Here's one I just pulled off the Web at random...


> Jook
> This recipe was posted by Nate on the Aloha.com site. Nate writes that he learned this recipe from his mother, who used to make it with the head or feet of a roast pig. In addition to turkey bones, he has made it with sliced beef, sliced pork, and spareribs.
>
> Ingredients
> Turkey bones
> 1/2 cup rice, uncooked, washed
> 6 cups water
> 1 teaspoon rock salt (or to your taste)
> 1/2 cup raw peanuts
>
> Garnish:
> Chopped lettuce
> Chung choi, chopped fine*
>
> Garnishes**
> Chinese parsley, chopped
> Green onions, chopped
> Shoyu or oyster sauce
> Sesame oil
>
> Directions:
> Put the bones, water, and rice into a slow cooker and cook on low heat for 4 - 6 hours. When it is nearly ready, place each of the garnishes in individual small bowls.
> When the jook is ready, stir and place in bowls. Place the garnish on the tables and let everyone garnish to their own taste.
>
> *Chung choi is Chinese salted preserved cabbage. Dice it and sprinkle on the jook.
> **Other ingredients you might want to use as a garnish include Chinese pickled vegetables, sliced salted duck eggs, and chopped daikon.

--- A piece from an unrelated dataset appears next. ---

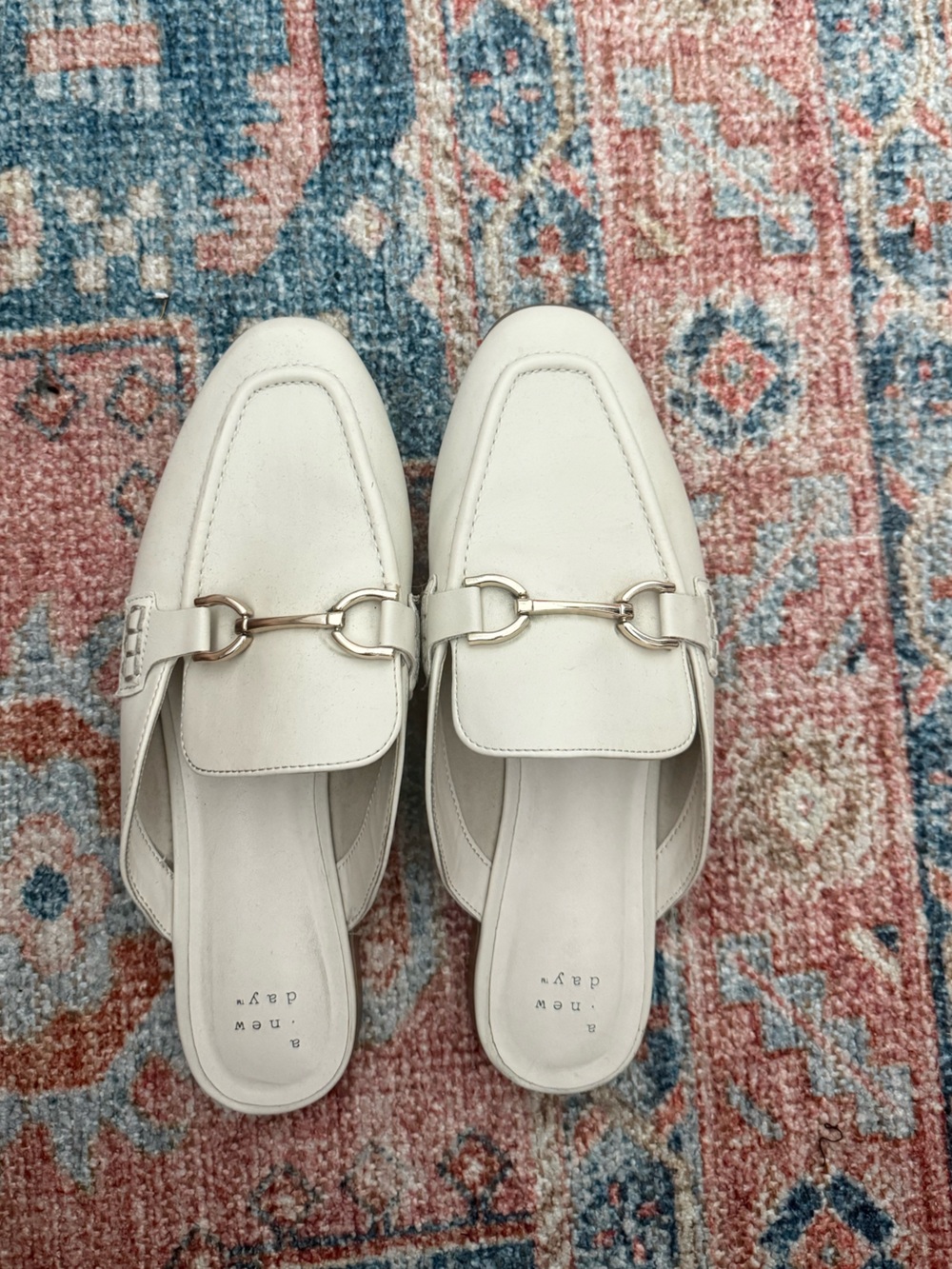 Target Cream Leather Slip-On Horsebit Mules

What we usually make at home is pei dan jook, enriched/garnished with chopped "thousand-year-old" eggs and seasoned, ground pork, stirred into the simmering porridge at the last minute until the pork is done. In restaurants my wife favors a mixed garnish of sliced pork, fried peanuts, chopped beef tripe and plate (similar to brisket, and, in combination with the tripe, is known in chinese restaurants as nom or belly), and shredded, dried squid, reconstituted and simmered until tender in with the jook. Or, you can just make it with turkey or chicken bones, or simply stock instead of water. In its simplest form, absolutely plain jook with rice and water can be jazzed up pretty spectacularly at the table, with a few drops of sesame oil, a little soy sauce (light, as opposed to dark, but not "lite"), and perhaps chopped scallion or cilantro, which is also known as Chinese parsley. There's also a fried cruller type of thing which can be chunked up and added as a garnish, in the sa
me way you might put those little crackers into soup.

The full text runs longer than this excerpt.